ITO 202 - History of Italian Cinema
This course presents the development and changes in Italian society through the analysis of movies from the most important Italian directors that are milestones in the history of Italian cinema. The movies shown in class will be analyzed and discussed both for their artistic value and mastery in making them and for the Italian social, political and historical background and milieu they reflect and are also influenced by. The movies discussed during lectures will be shown in chronological order, with focus on some of the most important events in the Italian history that deeply affected Italian society: Fascism, the war and post-war time, the economic boom of the early sixties, the anger and protest of the young generation. "Genre" movies will be also discussed, "Comedy Italian Style" and "Spaghetti Westerns" in particular, for their value as cinematic products and for the everlasting influence they have on national and worldwide cinematic production. Information about important periods of Italian history, from Fascism to the present time, will be given throughout the course. fulfills Communication major Visual requirement
ITO CL 223 - Classical Mythology: The Heroes [AEST] [CITZ]; honors option
A study of the major Greek and Roman saga cycles (the stories of Heracles, Oedipus, Jason, Odysseus, Aeneas, Romulus, etc.), their origin, content and interpretation. Consideration is also given to various approaches to saga: historical, political, anthropological, literary and artistic. Emphasis will be placed on the role of the hero within the context of ancient and modern societies and to the influence of classical saga upon ancient and modern art and literature. Touring important historical sites and museums in Italy will enhance the student's experience and understanding of the classical tradition, particulary the use of mythological heroes throughout Italian history as a type of symbolic communication.
ITO CL 262 - War and Culture in the Ancient World [HIST]
This course aims to introduce students to aspects of the culture of the ancient Egyptians, Greeks, Etruscans and Romans by studying how the practice of ancient warfare intertwines with broader cultural developments of the ancient world.

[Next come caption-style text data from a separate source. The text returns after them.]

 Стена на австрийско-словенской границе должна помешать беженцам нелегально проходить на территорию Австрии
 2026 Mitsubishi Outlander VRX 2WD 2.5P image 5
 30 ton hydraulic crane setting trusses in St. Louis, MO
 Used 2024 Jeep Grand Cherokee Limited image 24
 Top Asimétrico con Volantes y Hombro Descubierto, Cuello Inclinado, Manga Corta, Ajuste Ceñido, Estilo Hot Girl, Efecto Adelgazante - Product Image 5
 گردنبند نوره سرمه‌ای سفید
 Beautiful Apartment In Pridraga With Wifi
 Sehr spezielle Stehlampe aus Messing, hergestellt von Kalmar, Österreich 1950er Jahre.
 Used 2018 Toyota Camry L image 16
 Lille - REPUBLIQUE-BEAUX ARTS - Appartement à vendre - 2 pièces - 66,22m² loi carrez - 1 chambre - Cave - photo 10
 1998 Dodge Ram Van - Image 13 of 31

A series of illustrated lectures will dwell in detail upon the nature of ancient warfare itself and its interrelation with the political, religious, and economic realities of the ancient world. Visits to local Orvieto museums and landmarks will also provide an important context for this course.
ITO PH 107 - Ethics Seminar [ETH]
This course provides a presentation of the rational principles of moral conduct, with application to specific cases; includes discussion of major ethical theories.
ITO TH 250 - Catholic Vision [CATH]
This course provides an introductory survey of the distinctive vision of the Catholic tradition as that vision has been articulated in doctrine, practice, and culture. It will focus in particular on some of the unique expressions of the Catholic tradition in the history and life of the Church in Orvieto. In addition to classroom lectures, the course will also include cultural excursions within the city of Orvieto.